(Data excerpts)
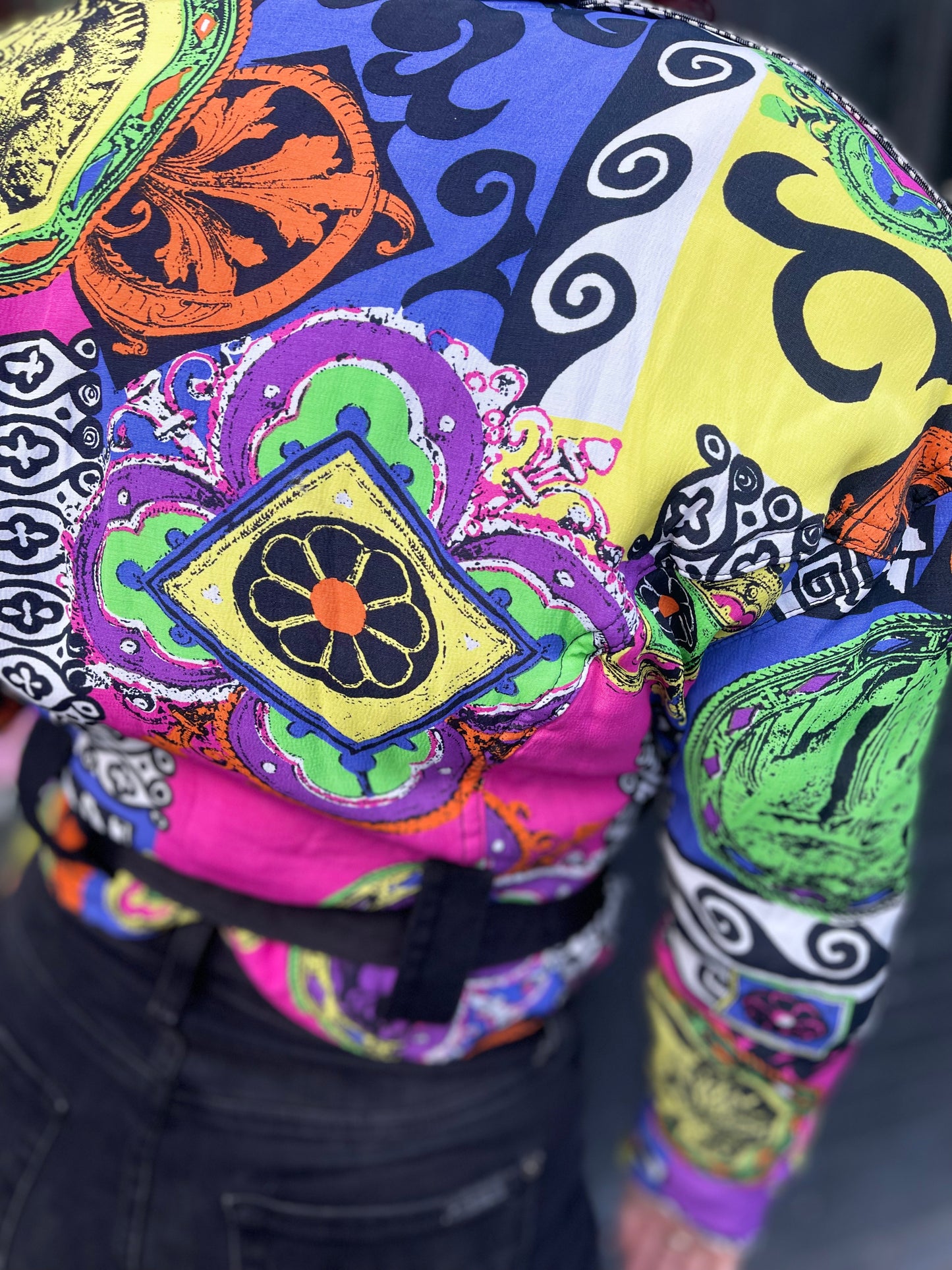 Vintage 90s Colorful Mix Print Belted Jacket - Spark Pretty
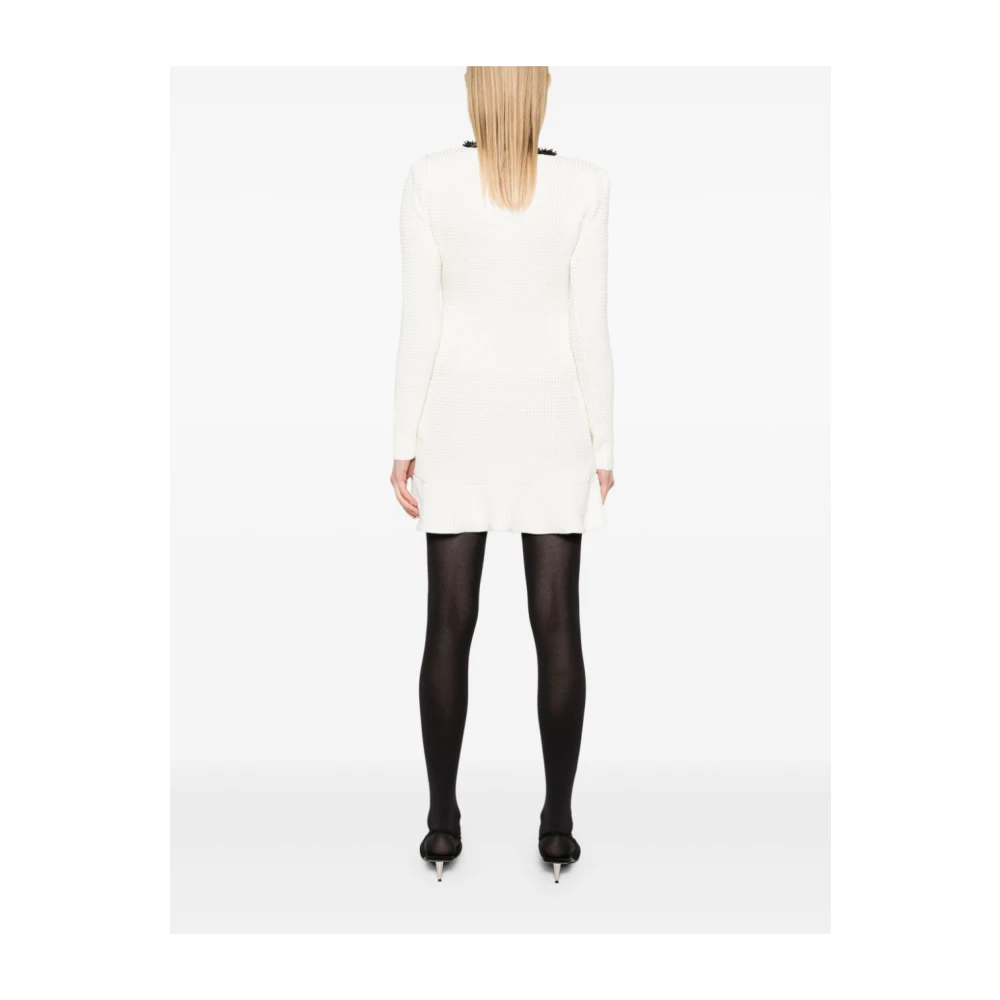 Self Portrait Witte Textuur Gebreide Mini Jurk White Dames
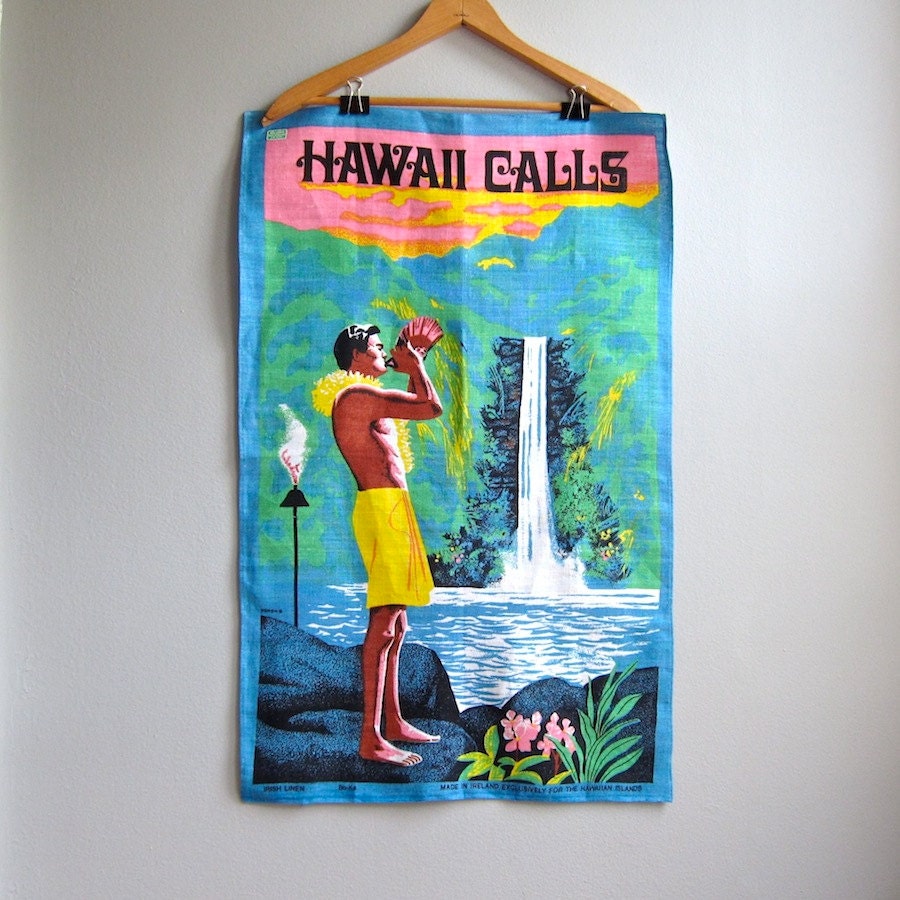 Vintage Hawaiian Linen Tea Towel with Waterfall and Sunset - Never Used - Hawaii Calls 1970s Kitchen Decor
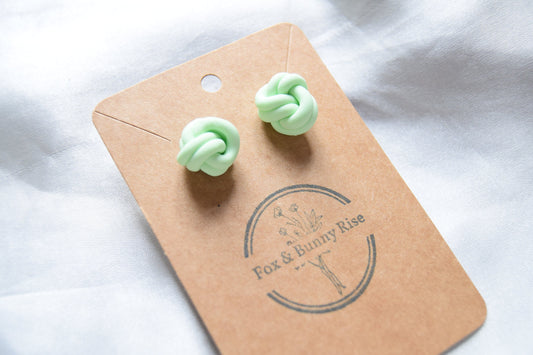 Polymer Clay Pastel Green Double Knot Studs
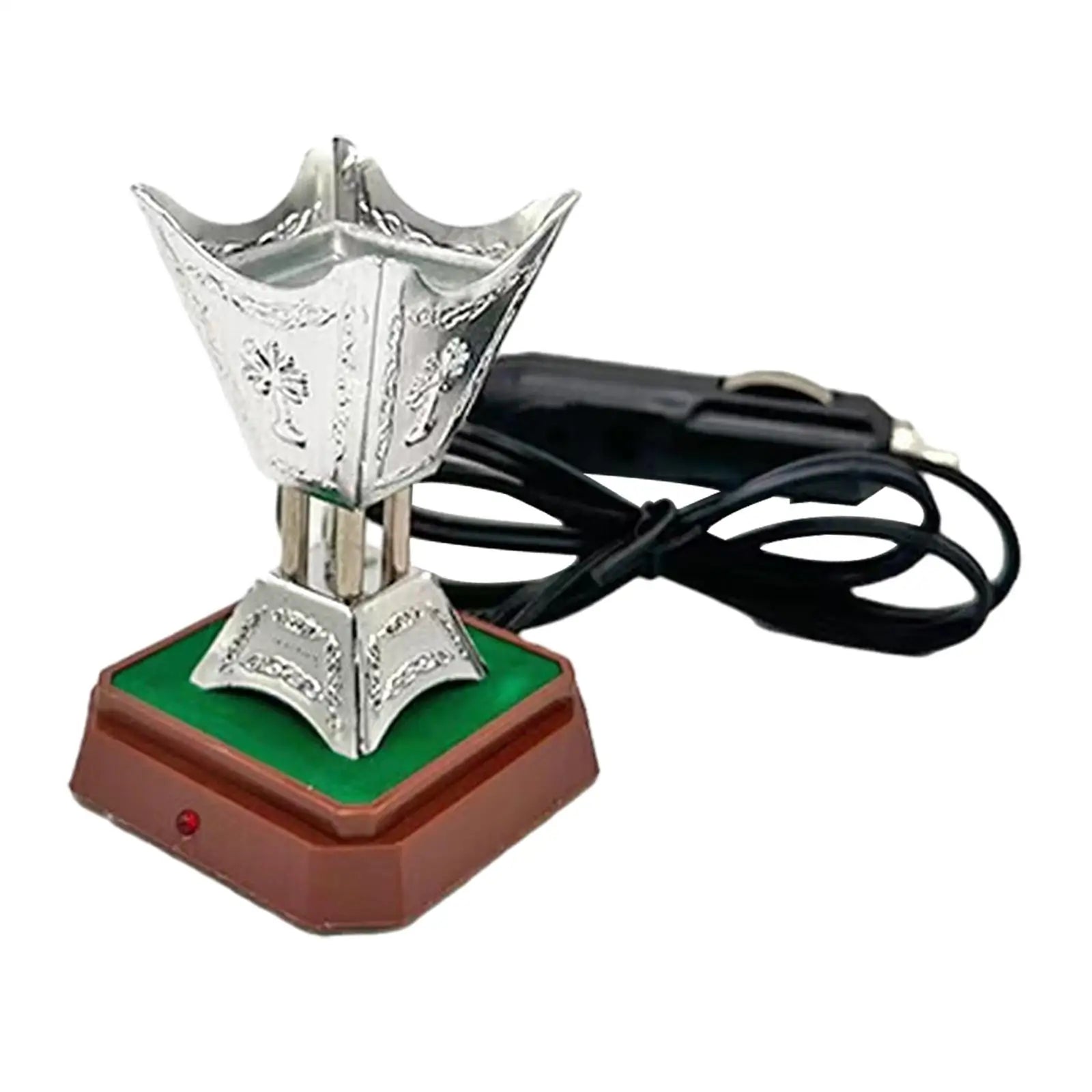 Car Incense Burner Retro Incense Towers Plug in Incense Burner for Car for Car Office Home Bedroom Table Centerpieces premium Zpaxo Silver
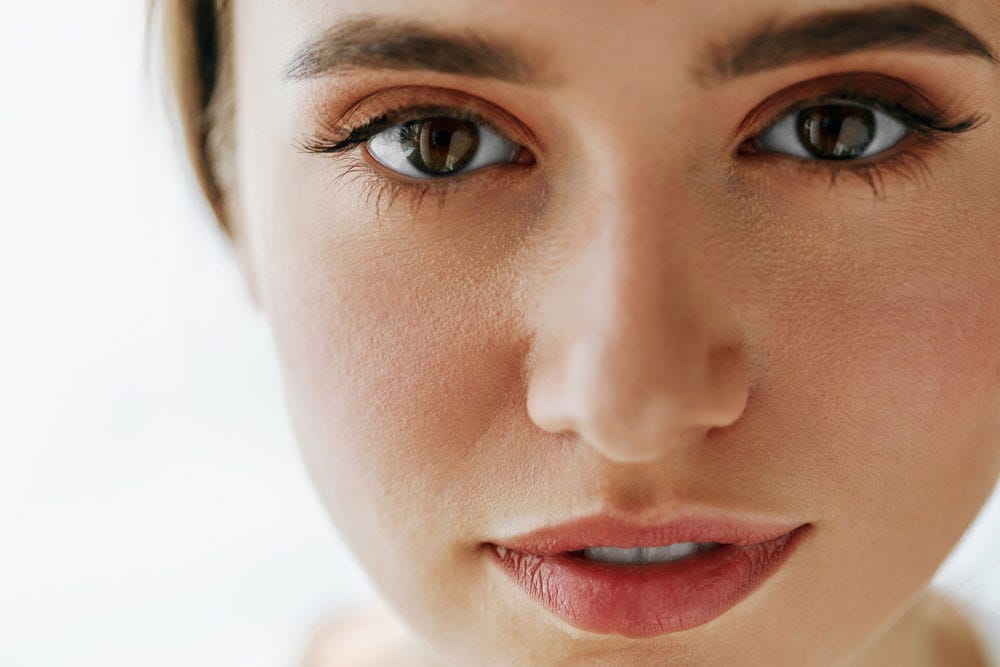 portrait of a female model with brown eyes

What you will do
Begin at the line containing "Polymer Clay Pastel Green Double Knot Studs" and extract every line through the end of the records, inclusive, exactly and only; omit pictures.

Solution to this exercise
 Polymer Clay Pastel Green Double Knot Studs
 Car Incense Burner Retro Incense Towers Plug in Incense Burner for Car for Car Office Home Bedroom Table Centerpieces premium Zpaxo Silver
 portrait of a female model with brown eyes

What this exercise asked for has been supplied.